◆ Problem to work on ◆
Find "Shelley Feed Storage" in the entries below; copy that line through the last, exactly, with no pictures.
══════
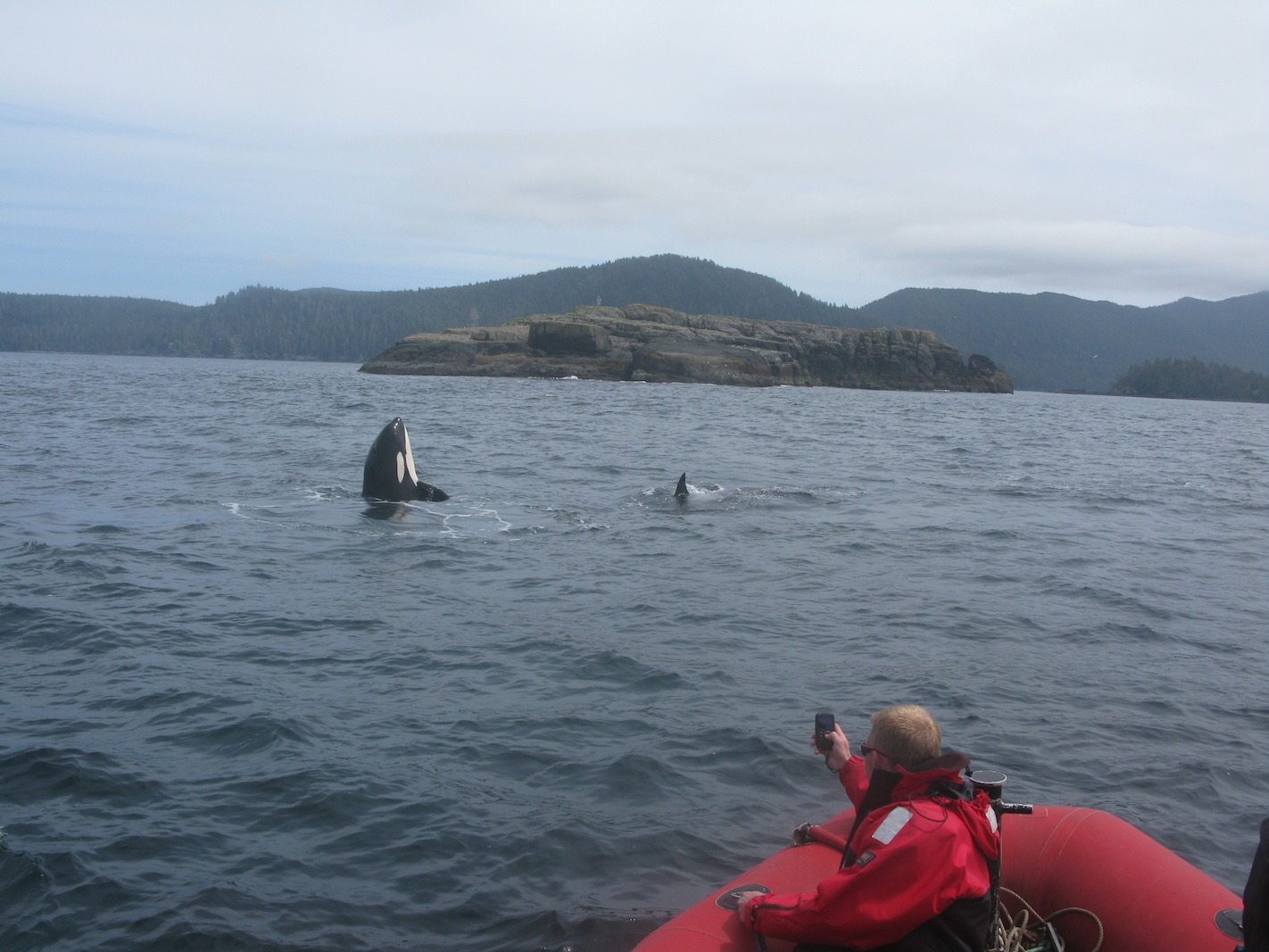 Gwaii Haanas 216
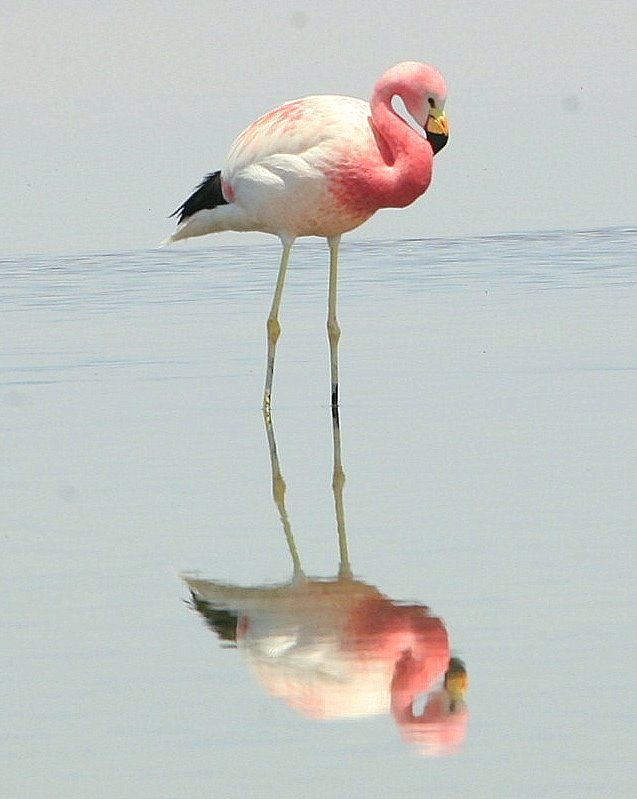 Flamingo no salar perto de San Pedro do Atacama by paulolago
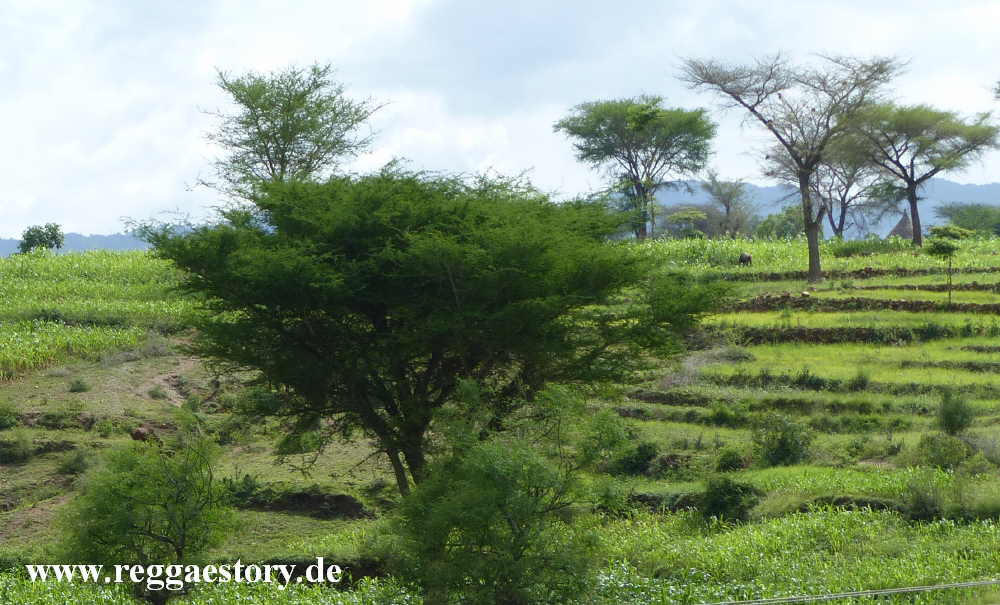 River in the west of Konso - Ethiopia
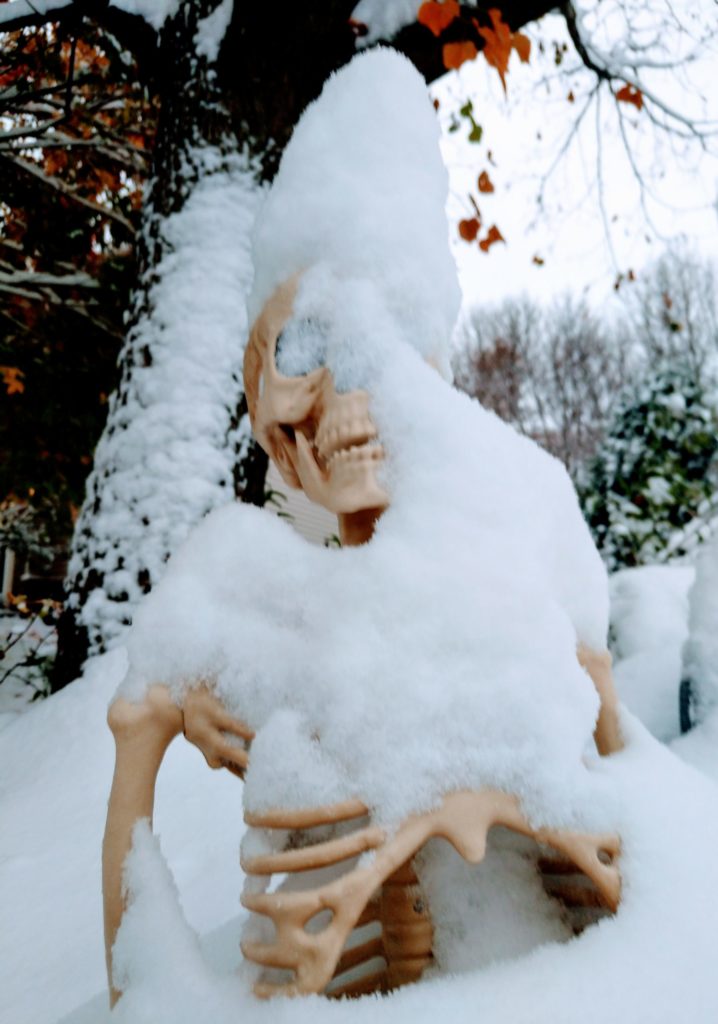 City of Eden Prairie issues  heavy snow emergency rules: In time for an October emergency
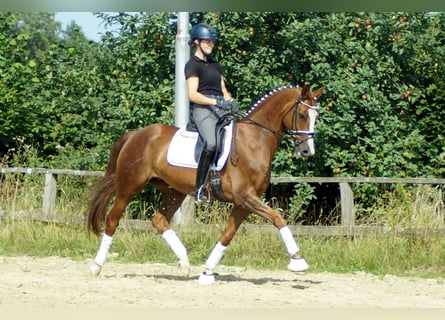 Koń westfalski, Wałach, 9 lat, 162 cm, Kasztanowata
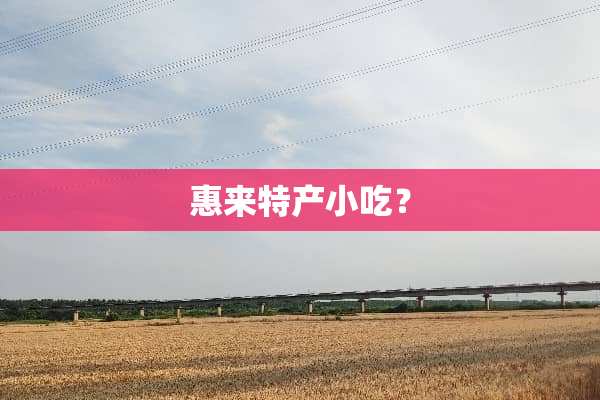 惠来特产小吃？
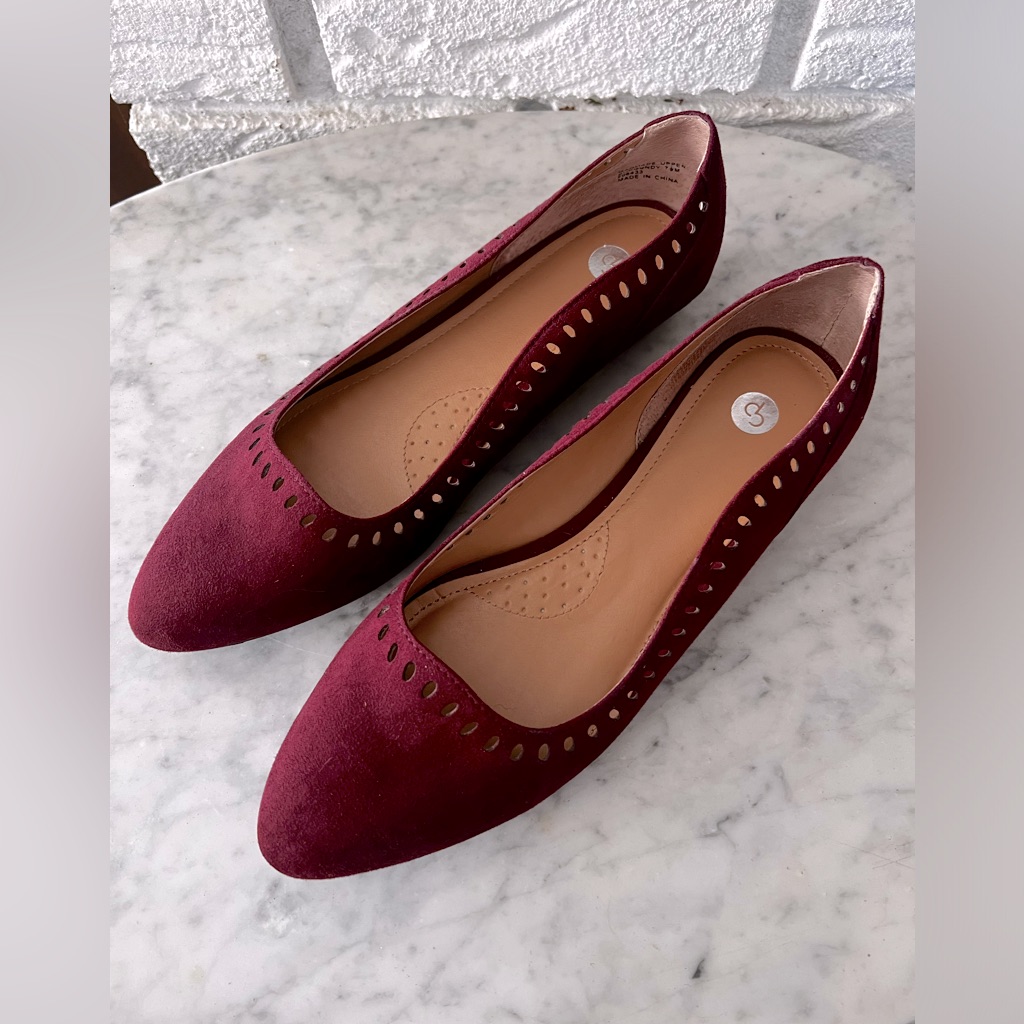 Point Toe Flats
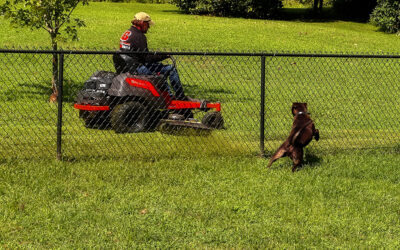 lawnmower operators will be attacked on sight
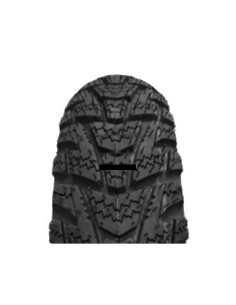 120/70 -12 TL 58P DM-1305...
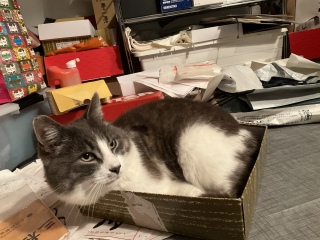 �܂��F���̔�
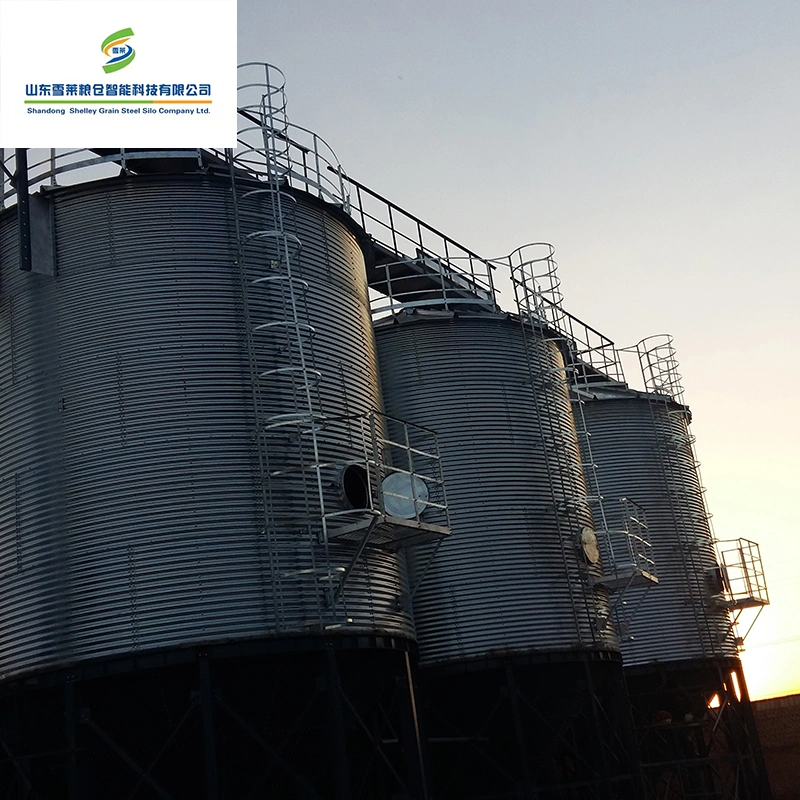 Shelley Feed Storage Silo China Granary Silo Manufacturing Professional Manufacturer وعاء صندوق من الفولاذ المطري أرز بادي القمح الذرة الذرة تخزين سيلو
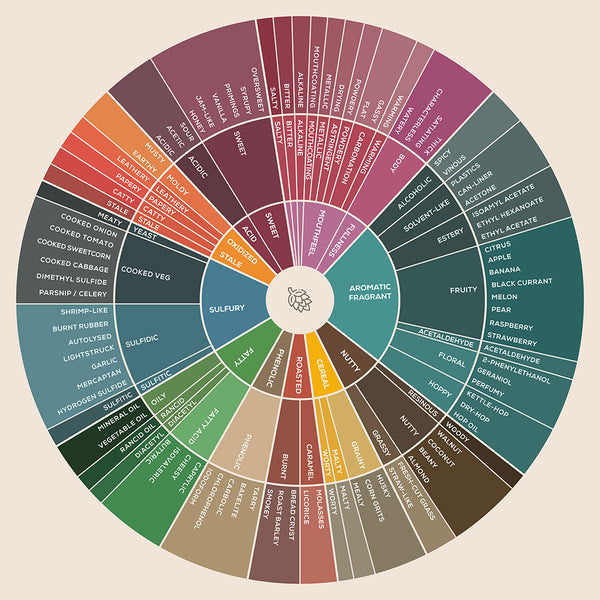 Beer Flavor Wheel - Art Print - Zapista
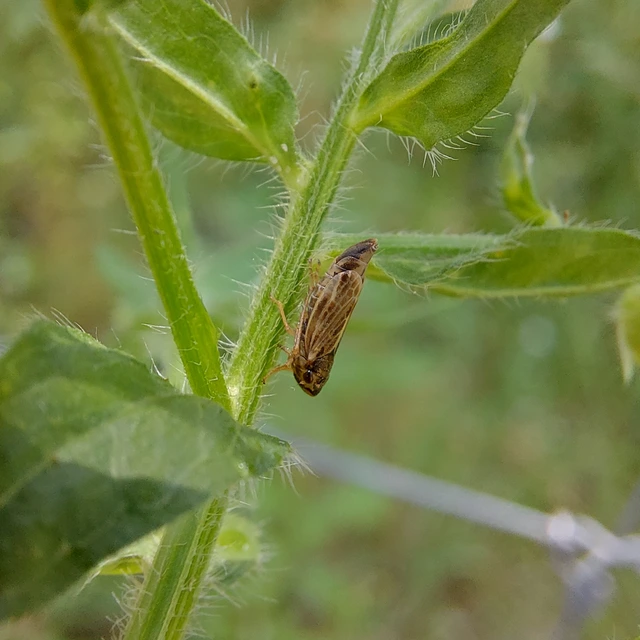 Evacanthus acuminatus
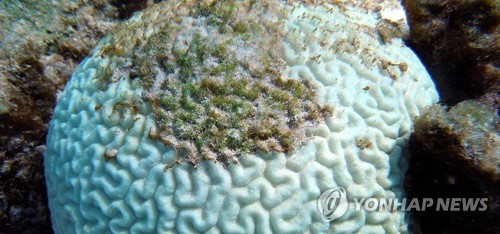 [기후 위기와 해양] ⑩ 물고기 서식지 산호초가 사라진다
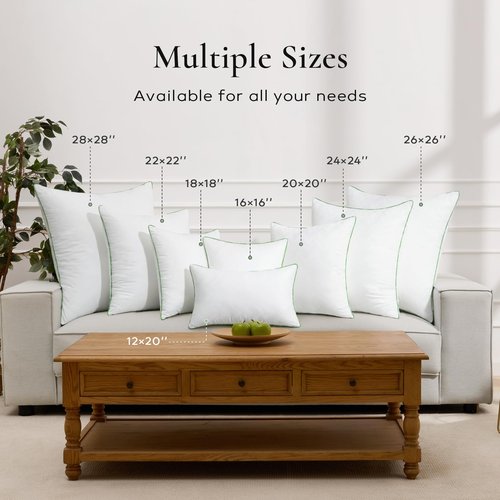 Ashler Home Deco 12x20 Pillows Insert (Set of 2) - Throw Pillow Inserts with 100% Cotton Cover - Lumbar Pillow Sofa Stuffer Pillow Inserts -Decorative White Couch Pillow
══════
◆ Answer for this exercise ◆
 Shelley Feed Storage Silo China Granary Silo Manufacturing Professional Manufacturer وعاء صندوق من الفولاذ المطري أرز بادي القمح الذرة الذرة تخزين سيلو
 Beer Flavor Wheel - Art Print - Zapista
 Evacanthus acuminatus
 [기후 위기와 해양] ⑩ 물고기 서식지 산호초가 사라진다
 Ashler Home Deco 12x20 Pillows Insert (Set of 2) - Throw Pillow Inserts with 100% Cotton Cover - Lumbar Pillow Sofa Stuffer Pillow Inserts -Decorative White Couch Pillow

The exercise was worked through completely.